Tiago Manggini defendeu a criação de
mecanismos legais para dificultar o fechamento de instituições de
ensino, o que necessitaria de ajuda do Congresso Nacional.
– Para abrir uma escola é muito
complicado; para fechar basta um ato do Poder Executivo. E, na maioria
das vezes, do Executivo municipal – lamentou.
Relatório
Segundo relatório lançado pelo Fundo
das Nações Unidas para a Infância (Unicef) e pela Campanha Nacional pelo
Direito à Educação, ainda há muito a ser feito para se garantir ao
acesso pleno à educação no Brasil. Indicadores mostram que os grupos
mais vulneráveis são os historicamente excluídos, como negros,
indígenas, pessoas com deficiência, populações da zona rural e de baixa
renda.
A seguir, alguns números do setor:
* Crianças fora da escola:
- 4 a 6 anos: 1,6 milhão;
- 6 a 10 anos: 375 mil;
- 11 a 14 anos: 355 mil;
- 15 a 17 anos: 1,5 milhão.
* Em 2010, segundo estudo do IPEA:
- 16,5% das escolas do campo não possuíam energia elétrica;
- 14,8% não tinham cozinha para merenda;
- 14,1% não possuíam esgoto;
- 11% não tinham banheiro para os alunos;
* Transporte escolar:
- Cerca de 10% dos estudantes que vivem em zonas rurais levam mais de uma hora para chegar à escola todos os dias.

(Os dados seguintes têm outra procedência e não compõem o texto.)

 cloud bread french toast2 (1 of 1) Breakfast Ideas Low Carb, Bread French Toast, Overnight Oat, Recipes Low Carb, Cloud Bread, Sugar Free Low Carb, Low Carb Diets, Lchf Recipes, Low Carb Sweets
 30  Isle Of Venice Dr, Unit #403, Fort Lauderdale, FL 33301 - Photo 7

- Por volta de 65% dos alunos matriculados em escolas do campo não são atendidos por transporte escolar público.
* Fechamentos de escolas:
- Entre 2009 e 2010, 3.630 escolas rurais foram fechadas no Brasil. De 2002 a 2010, foram 27,7 mil estabelecimentos.
* Quilombolas:
- Das 1,696 escolas de educação básica
em áreas quilombolas, 92% estão na zona rural e têm os mesmos problemas
dos demais estabelecimentos de ensino no campo.